わたいりカウンター

わたいしの時もある

何なれや

草枕結う手許(ばかり)は何なれや

 露も涙も をきかへりつつ

(後撰/離別 羈旅/1366)

 野宿するときに、そこら辺の草を集めて丸めて枕にしてるときに泣いちゃった歌。
 「かへり」は、「辺りは静まりかえっていた」の「かへり」で「ひどく~する」の意味。訳すなら「枕結う手許(ばかり)は何なれや」草枕作ってる手元がさ、何なんだろうね、「露も涙も をきかへりつつ」露でも涙でもびっしょり濡れててさ、という感じでしょうか。

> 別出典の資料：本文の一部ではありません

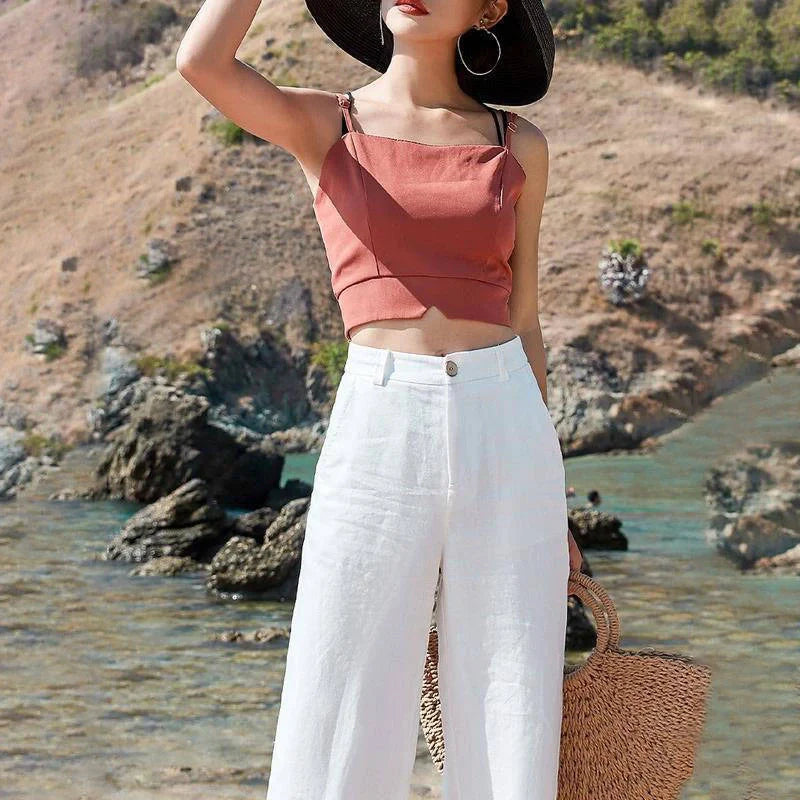 Stylish and comfortable cotton and linen trousers for British women, featuring a high-waist, straight-leg design in a range of classic colours.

 詞書きも詠者も書かれていないのですが、新大系*1では前歌1365番の前に「京に思ふ人侍て、遠き所よりまうで来ける、道に留まりて、九月許に」「よみ人知らず」とあるのを指摘し、暫定的にこの歌も同じ状況、詠者としています。
 思い人の所に遠いところからかえってくる時に、ふと泣いてしまう。暫定的とはいえ新大系の説は少し不思議です。遠いところに言っている間につらいことがあったのでしょうか。もうしばらくしたら恋人に会えるのに?
 しかし前歌を見ると、鹿の求愛の声を聞いて感情移入してしまって悲しいと歌っていました。確かに、きっかけがあって泣いているなら、それを続けて描写するのは自然です。

 しかし、独立した一首として仮定してみました。これらは誤読の可能性が高いのですがそれでもあと2通りの解釈を考えました。

  ひとつは、気軽な世間話としての誇張表現。単に枕が濡れていて、手も濡れてしまったので、俺もつらかったわ~というくらいのテンション。どちらかというとしんみりと言うより、ネタにして自分の中で一段落するのが目的というのはありそうかなと。

 もうひとつは、緊張の糸がぷつんと切れてしまったのを克明に描写した説。生活の中で皿洗いしてるときとかに、ふと泣きたくなったことないですか? これから寝ようってのに草枕が濡れている。その感触でふっと我に返って泣いてしまったのではないでしょうか。
 友達にこないだの出張どうだった?と聞いたら、いや新幹線で泣いちゃってさ。と答えられたときのような、しんみりした親密な打ち明け話のような雰囲気がこの歌にはある気がします。